• EXERCISE
Each entry must be restated word for word, with nothing omitted.

+++ EXCERPTED RECORDS

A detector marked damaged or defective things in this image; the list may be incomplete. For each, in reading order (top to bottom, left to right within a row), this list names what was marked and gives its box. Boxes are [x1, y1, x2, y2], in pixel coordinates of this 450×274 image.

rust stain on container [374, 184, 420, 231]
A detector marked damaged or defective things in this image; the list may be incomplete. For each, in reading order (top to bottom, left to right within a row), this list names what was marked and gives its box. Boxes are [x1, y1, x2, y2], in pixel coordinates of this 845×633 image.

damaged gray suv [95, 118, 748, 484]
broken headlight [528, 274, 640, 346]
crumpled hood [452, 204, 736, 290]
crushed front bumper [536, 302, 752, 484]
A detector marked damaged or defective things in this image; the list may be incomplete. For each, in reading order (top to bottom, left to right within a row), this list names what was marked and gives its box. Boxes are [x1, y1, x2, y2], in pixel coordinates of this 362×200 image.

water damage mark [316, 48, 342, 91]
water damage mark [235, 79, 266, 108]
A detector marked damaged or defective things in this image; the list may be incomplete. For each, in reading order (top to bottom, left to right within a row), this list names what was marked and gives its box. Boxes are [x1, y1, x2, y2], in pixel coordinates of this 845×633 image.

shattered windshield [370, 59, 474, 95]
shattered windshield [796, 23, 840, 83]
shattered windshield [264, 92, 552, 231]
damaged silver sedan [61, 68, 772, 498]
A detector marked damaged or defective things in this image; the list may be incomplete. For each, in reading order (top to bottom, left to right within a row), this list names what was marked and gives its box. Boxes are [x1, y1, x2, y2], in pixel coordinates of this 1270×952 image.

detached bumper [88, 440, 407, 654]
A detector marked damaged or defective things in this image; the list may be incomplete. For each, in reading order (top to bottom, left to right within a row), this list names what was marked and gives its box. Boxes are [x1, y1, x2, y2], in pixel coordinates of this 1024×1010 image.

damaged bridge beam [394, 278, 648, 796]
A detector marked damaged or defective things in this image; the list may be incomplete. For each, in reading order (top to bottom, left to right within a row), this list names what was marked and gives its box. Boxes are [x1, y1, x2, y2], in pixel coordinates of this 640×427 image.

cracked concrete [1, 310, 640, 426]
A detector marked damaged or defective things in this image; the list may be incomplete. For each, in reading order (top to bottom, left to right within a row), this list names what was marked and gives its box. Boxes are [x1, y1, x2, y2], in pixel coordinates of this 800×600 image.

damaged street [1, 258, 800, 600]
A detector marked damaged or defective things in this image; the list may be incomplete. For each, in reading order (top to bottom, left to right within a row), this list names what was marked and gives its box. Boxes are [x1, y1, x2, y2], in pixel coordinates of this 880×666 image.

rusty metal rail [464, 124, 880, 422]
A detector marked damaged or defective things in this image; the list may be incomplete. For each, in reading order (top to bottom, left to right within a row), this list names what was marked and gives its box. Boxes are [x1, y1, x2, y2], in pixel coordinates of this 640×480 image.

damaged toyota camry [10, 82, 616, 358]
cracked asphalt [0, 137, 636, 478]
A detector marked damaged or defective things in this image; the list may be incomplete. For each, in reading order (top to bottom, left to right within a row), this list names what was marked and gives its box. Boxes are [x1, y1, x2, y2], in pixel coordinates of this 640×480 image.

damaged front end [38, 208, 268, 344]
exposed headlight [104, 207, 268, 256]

++++++

• EXERCISE SOLUTION
A detector marked damaged or defective things in this image; the list may be incomplete. For each, in reading order (top to bottom, left to right within a row), this list names what was marked and gives its box. Boxes are [x1, y1, x2, y2], in pixel coordinates of this 450×274 image.

rust stain on container [374, 184, 420, 231]
A detector marked damaged or defective things in this image; the list may be incomplete. For each, in reading order (top to bottom, left to right within a row), this list names what was marked and gives its box. Boxes are [x1, y1, x2, y2], in pixel coordinates of this 845×633 image.

damaged gray suv [95, 118, 748, 484]
broken headlight [528, 274, 640, 346]
crumpled hood [452, 204, 736, 290]
crushed front bumper [536, 302, 752, 484]
A detector marked damaged or defective things in this image; the list may be incomplete. For each, in reading order (top to bottom, left to right within a row), this list names what was marked and gives its box. Boxes are [x1, y1, x2, y2], in pixel coordinates of this 362×200 image.

water damage mark [316, 48, 342, 91]
water damage mark [235, 79, 266, 108]
A detector marked damaged or defective things in this image; the list may be incomplete. For each, in reading order (top to bottom, left to right within a row), this list names what was marked and gives its box. Boxes are [x1, y1, x2, y2], in pixel coordinates of this 845×633 image.

shattered windshield [370, 59, 474, 95]
shattered windshield [796, 23, 840, 83]
shattered windshield [264, 92, 552, 231]
damaged silver sedan [61, 68, 772, 498]
A detector marked damaged or defective things in this image; the list may be incomplete. For each, in reading order (top to bottom, left to right within a row), this list names what was marked and gives its box. Boxes are [x1, y1, x2, y2], in pixel coordinates of this 1270×952 image.

detached bumper [88, 440, 407, 654]
A detector marked damaged or defective things in this image; the list may be incomplete. For each, in reading order (top to bottom, left to right within a row), this list names what was marked and gives its box. Boxes are [x1, y1, x2, y2], in pixel coordinates of this 1024×1010 image.

damaged bridge beam [394, 278, 648, 796]
A detector marked damaged or defective things in this image; the list may be incomplete. For each, in reading order (top to bottom, left to right within a row), this list names what was marked and gives its box. Boxes are [x1, y1, x2, y2], in pixel coordinates of this 640×427 image.

cracked concrete [1, 310, 640, 426]
A detector marked damaged or defective things in this image; the list may be incomplete. For each, in reading order (top to bottom, left to right within a row), this list names what was marked and gives its box. Boxes are [x1, y1, x2, y2], in pixel coordinates of this 800×600 image.

damaged street [1, 258, 800, 600]
A detector marked damaged or defective things in this image; the list may be incomplete. For each, in reading order (top to bottom, left to right within a row), this list names what was marked and gives its box. Boxes are [x1, y1, x2, y2], in pixel coordinates of this 880×666 image.

rusty metal rail [464, 124, 880, 422]
A detector marked damaged or defective things in this image; the list may be incomplete. For each, in reading order (top to bottom, left to right within a row), this list names what was marked and gives its box. Boxes are [x1, y1, x2, y2], in pixel coordinates of this 640×480 image.

damaged toyota camry [10, 82, 616, 358]
cracked asphalt [0, 137, 636, 478]
A detector marked damaged or defective things in this image; the list may be incomplete. For each, in reading order (top to bottom, left to right within a row), this list names what was marked and gives its box. Boxes are [x1, y1, x2, y2], in pixel coordinates of this 640×480 image.

damaged front end [38, 208, 268, 344]
exposed headlight [104, 207, 268, 256]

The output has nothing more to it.